> Exercise directions:
Skip the pictures and copy all the data that follows exactly.

> Information provided:
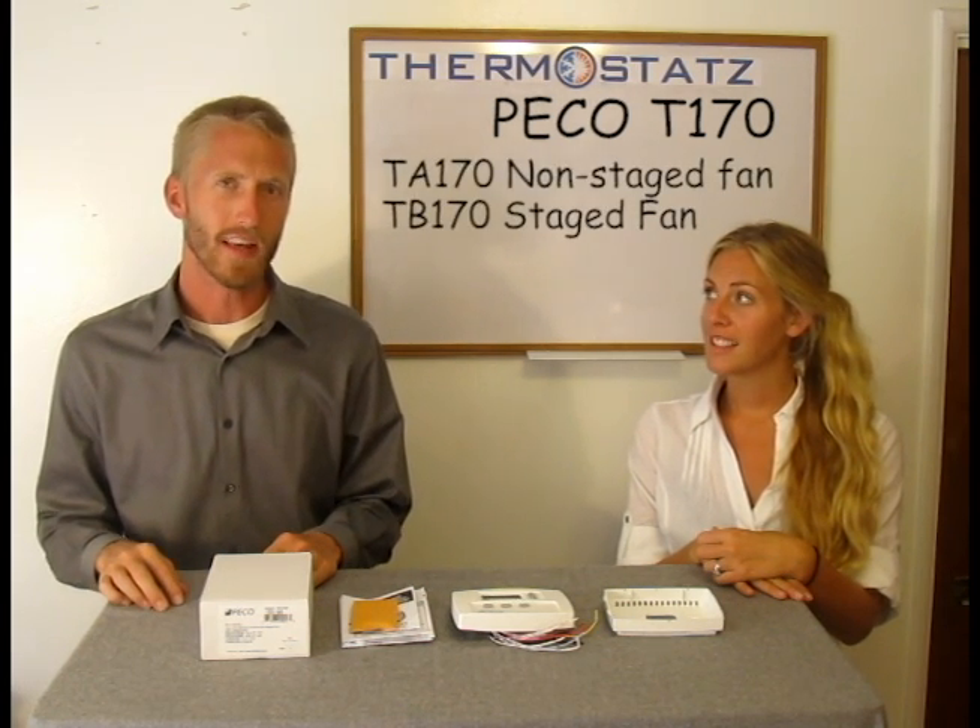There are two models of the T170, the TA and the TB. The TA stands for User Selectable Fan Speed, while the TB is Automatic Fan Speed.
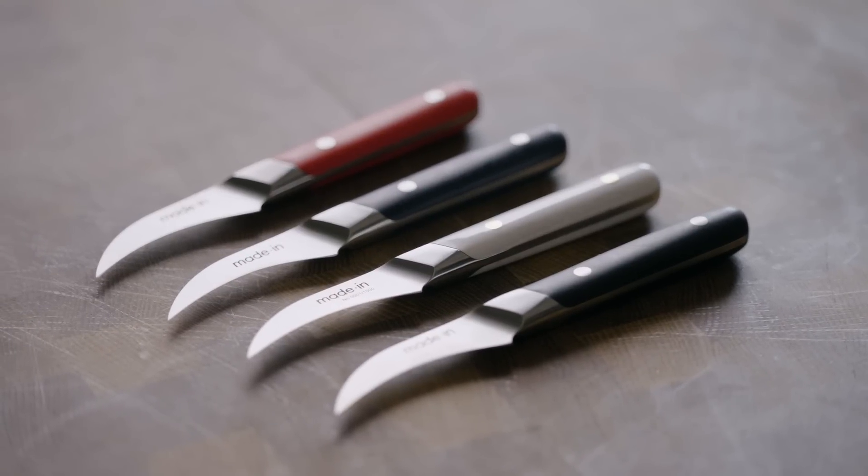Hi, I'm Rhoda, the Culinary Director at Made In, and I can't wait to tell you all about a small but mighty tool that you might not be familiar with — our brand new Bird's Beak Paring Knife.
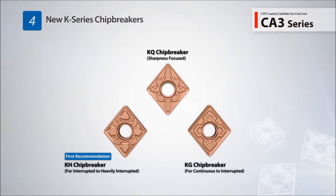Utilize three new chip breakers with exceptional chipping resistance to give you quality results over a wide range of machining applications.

> Reply to the exercise:
There are two models of the T170, the TA and the TB. The TA stands for User Selectable Fan Speed, while the TB is Automatic Fan Speed.
Hi, I'm Rhoda, the Culinary Director at Made In, and I can't wait to tell you all about a small but mighty tool that you might not be familiar with — our brand new Bird's Beak Paring Knife.
Utilize three new chip breakers with exceptional chipping resistance to give you quality results over a wide range of machining applications.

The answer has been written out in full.